1

I have been exploring Polars for my web application. Its been impressive so far, until I hit this issue that has stalled my use of this awesome library. Usecase: I read a parquet file into Polars dataframe, use this pl dataframe to serve results for a get request on FastAPI.

@fastApi.get("/polars-test")
async def polars_test():
    polars_df = pl.read_parquet(f"/data/all_area_keys.parquet")
    df = polars_df.limit(3)
    return df.to_dicts()


polars= 0.16.2
pyarrow=9.0.0
fastapi=0.92.0
BaseDockerImage = tiangolo/uvicorn-gunicorn-fastapi:python3.11

When I package it up into docker image and run the FastAPI app on gunicorn, this get path does not respond. Using the /docs, hitting this end point will just wait for several minutes and the worker terminates, without any errors logged

I am starting to think Polars multithread is not playing well with FastAPI'S concurrency. But I an unable to find related documents to get an understanding. Please help, would absolutely hate to abandon Polars.

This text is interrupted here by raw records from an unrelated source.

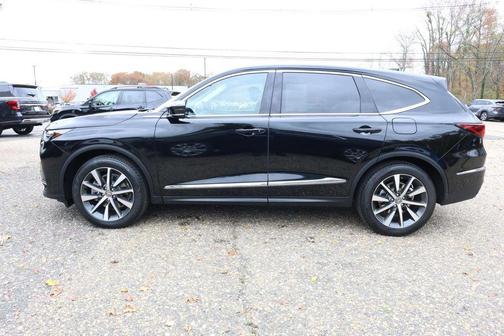 2025 Acura MDX Technology Package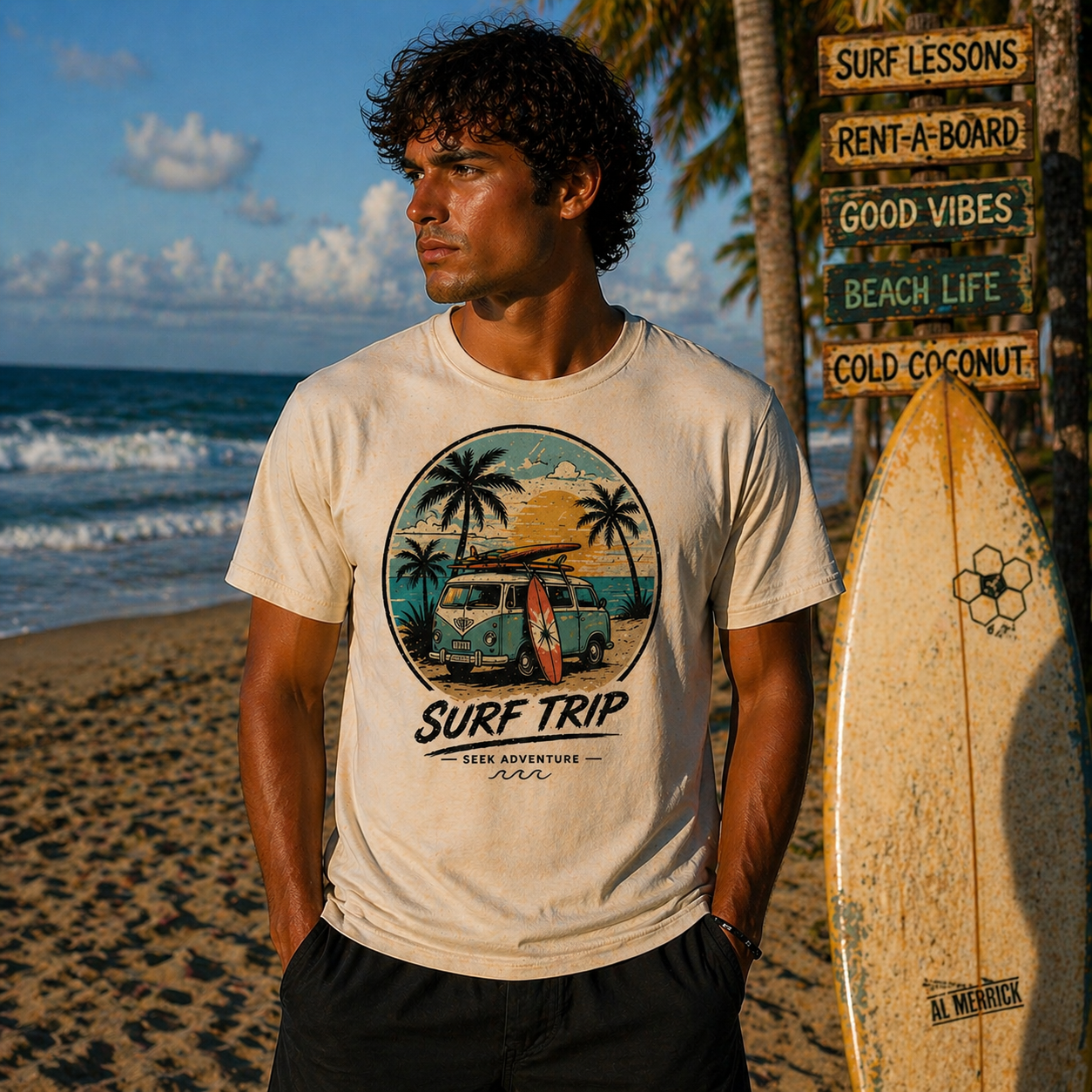 Surf trip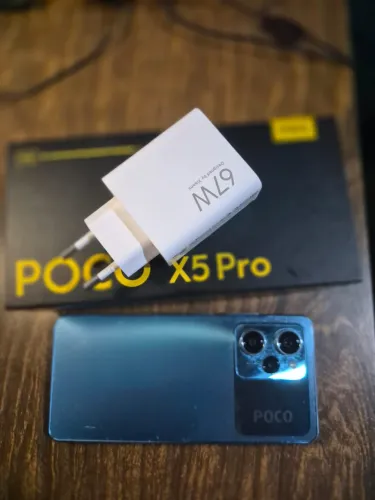 Poco X5 Pro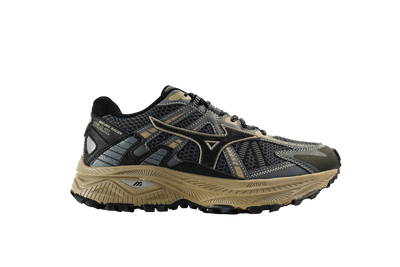 Wave Racer Trail Black Tan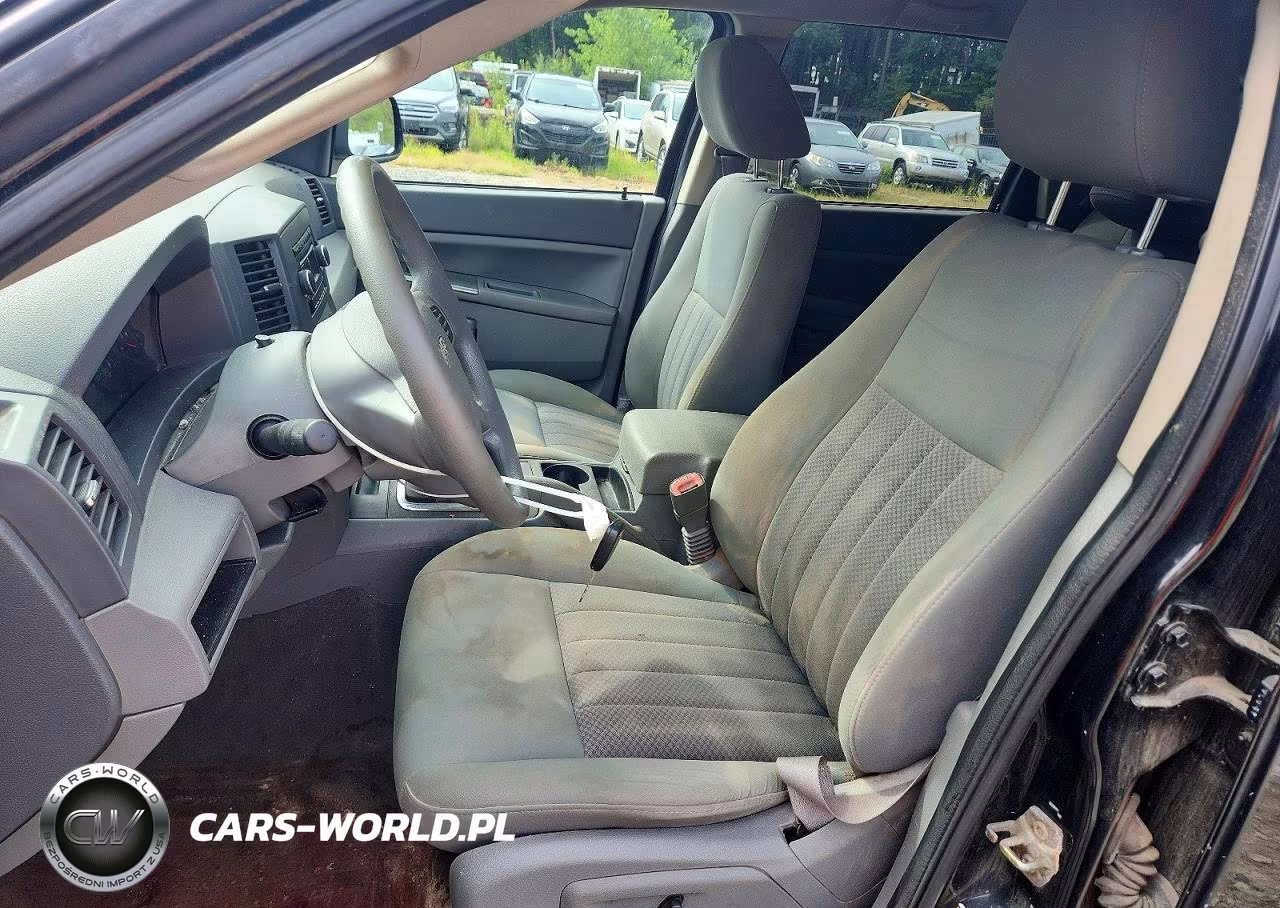2006 Jeep Grand Cherokee Laredo VIN:1J4GR48K06C233007 - 7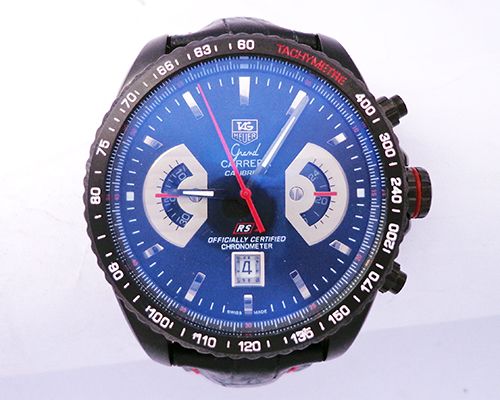 Relógio Tag Heuer Grand Carrera  MOD:50126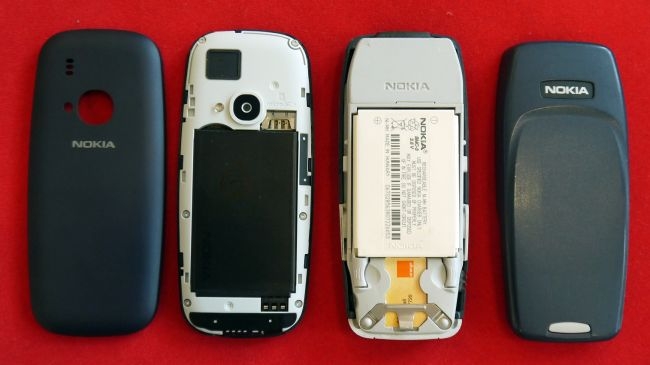 Pin Nokia 3310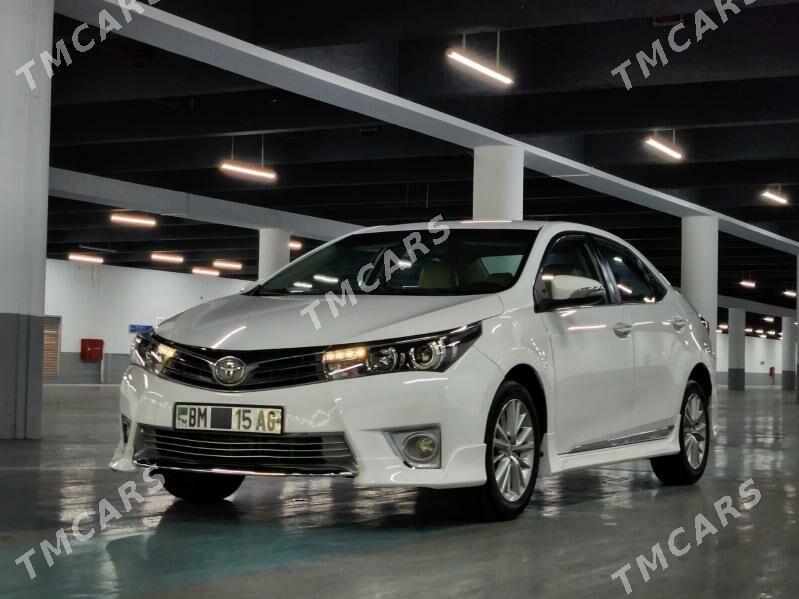 Toyota Corolla 2015 - 246 000 TMT - Aşgabat - img 4
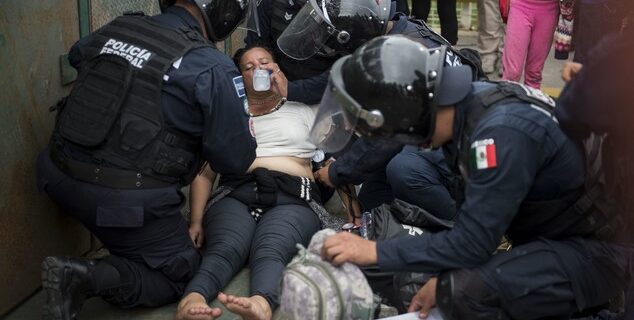 Δράμα χωρίς τέλος για τους μετανάστες από την Ονδούρα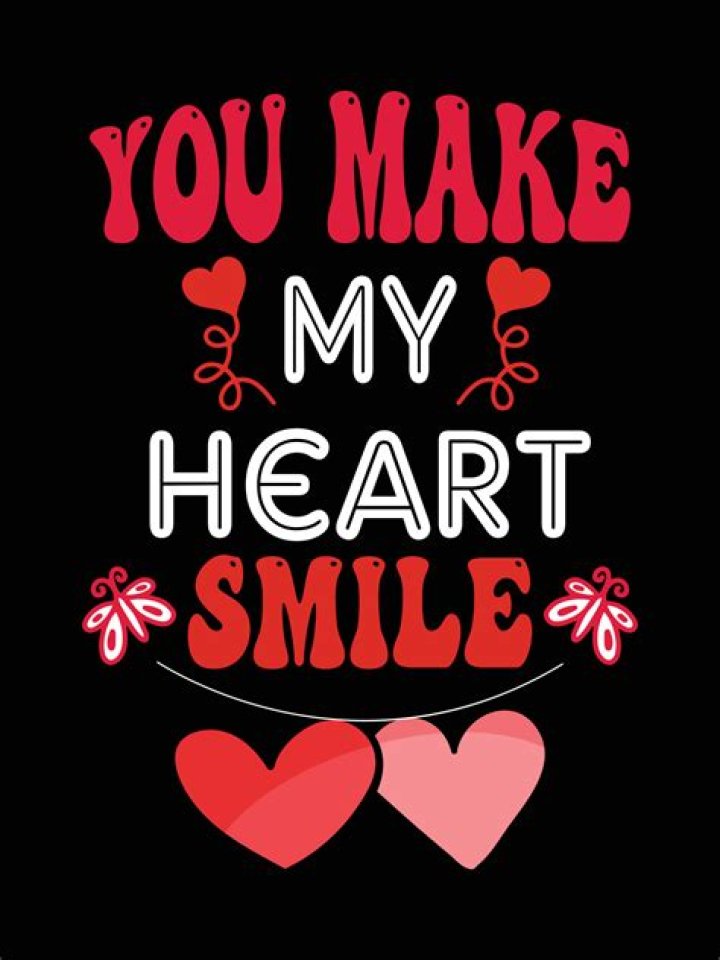 My heart
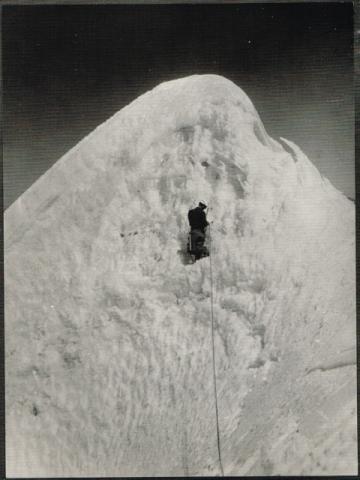 TSACRA GRANDE (mt. 5.774)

Troubleshooting done so far:

  1. The get request works perfectly when I test it locally.
  2. log on to the running docker container and run the above pl commands - it works
  3. Just tried to print the schema of the dataframe - it works. So the dataframe is created and metadata available. I get this issue only when I run filter or Any transform on the polars dataframe
  4. Created a lazy frame and tried to collect, but no luck
  5. Remove async from the method, no luck
  6. Changed python version from 3.8 to 3.11, no luck
  7. Spcifying the platform to linus/amd64 while running the docker, no luck
Chris
  • 18,724
  • 6
  • 46
  • 80
  • If you change the return to something generic like "hello world" instead of returning dict, does that work? It seems you haven't yet ruled out that the problem has nothing to do with polars. Separately, I don't know about fastapi, but in Flask, I think you'd `jsonify` the dicts before you actually return them. – Dean MacGregor Feb 21 '23 at 11:29
  • Thank you. But that did not help. I have returned DataFrame.schema on that path, which works. Its only when I apply filter or limit or any transform that the path becomes non responsive. – Data Analyst Feb 21 '23 at 17:25
  • Put some logging above each line so line before the read_pq just put "received request" then do f"loaded pq file with shape= {polars_df.shape}" and so on... Also, try a different smaller file so you can try without `limit` – Dean MacGregor Feb 21 '23 at 19:49

2 Answers2

2

Alright, found below details that explain the issue I was facing - https://pola-rs.github.io/polars-book/user-guide/howcani/multiprocessing.html

So the change I had to make was to remove the file read to avoid passing the file lock on to the newly forked process/thread. Refactor the read operation into a function.

Working code:

@geodataRouter.get("/polars-test")
async def polars_test():
    ALL_AREA_KEYS_PL = get_all_area_keys_pl()
    df = ALL_AREA_KEYS_PL.limit(3)
    return df.to_dicts()

def get_all_area_keys_pl():
    ALL_AREA_KEYS_PL = pl.read_parquet(f"/data/all_area_keys.parquet")
    return ALL_AREA_KEYS_PL

In retrospect, I should not have had IO operations in an Fastapi async def to beging with.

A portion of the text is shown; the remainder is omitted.